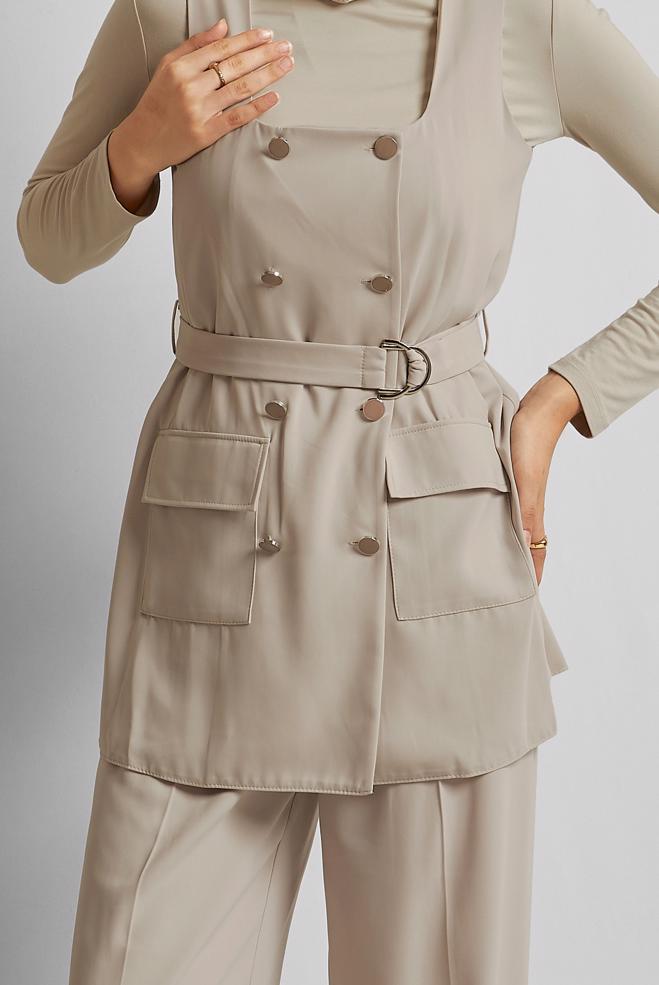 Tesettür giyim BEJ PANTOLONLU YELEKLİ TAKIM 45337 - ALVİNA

########################################

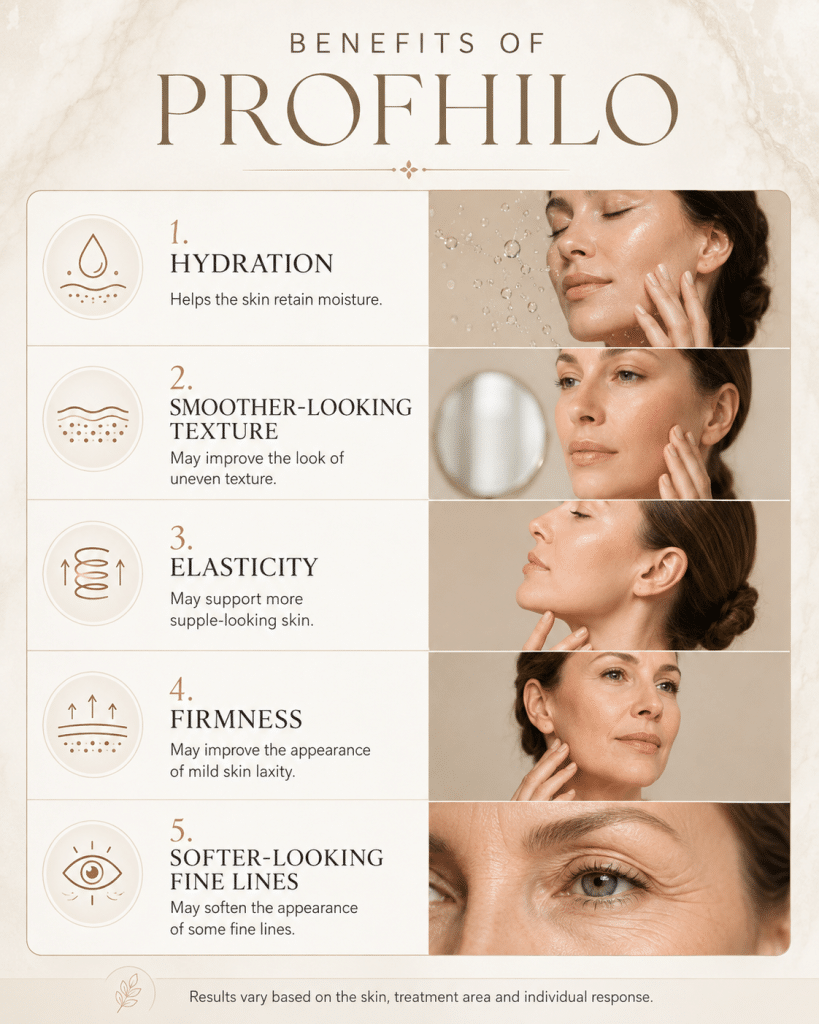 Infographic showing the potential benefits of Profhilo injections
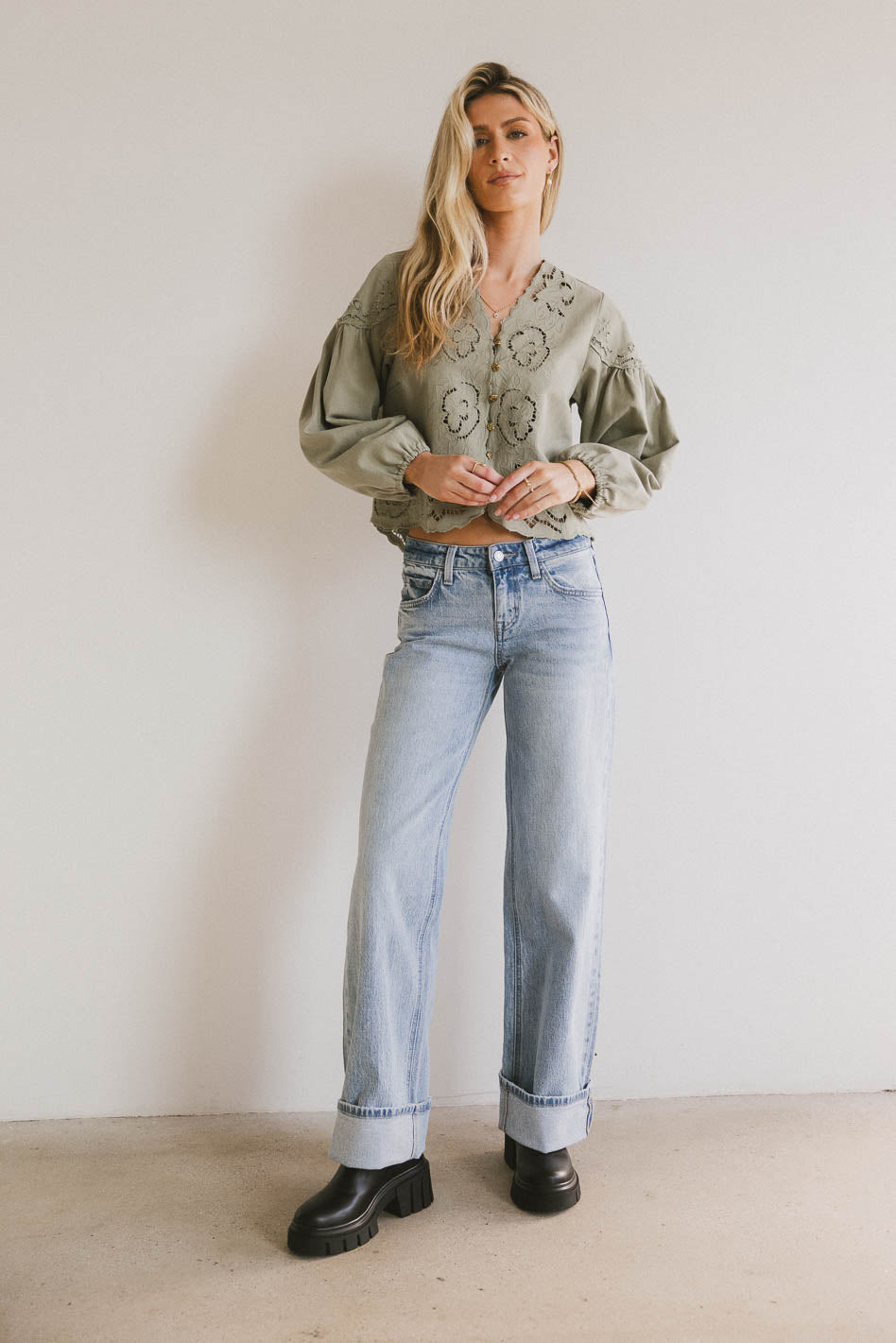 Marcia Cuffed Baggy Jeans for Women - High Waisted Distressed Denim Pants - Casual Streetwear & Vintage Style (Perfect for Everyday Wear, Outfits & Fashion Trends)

########################################

Would you copy out, exactly and with no pictures, only the lines above from the one that contains "Infographic showing the" through the one that contains "Marcia Cuffed Baggy"?

 Infographic showing the potential benefits of Profhilo injections
 Marcia Cuffed Baggy Jeans for Women - High Waisted Distressed Denim Pants - Casual Streetwear & Vintage Style (Perfect for Everyday Wear, Outfits & Fashion Trends)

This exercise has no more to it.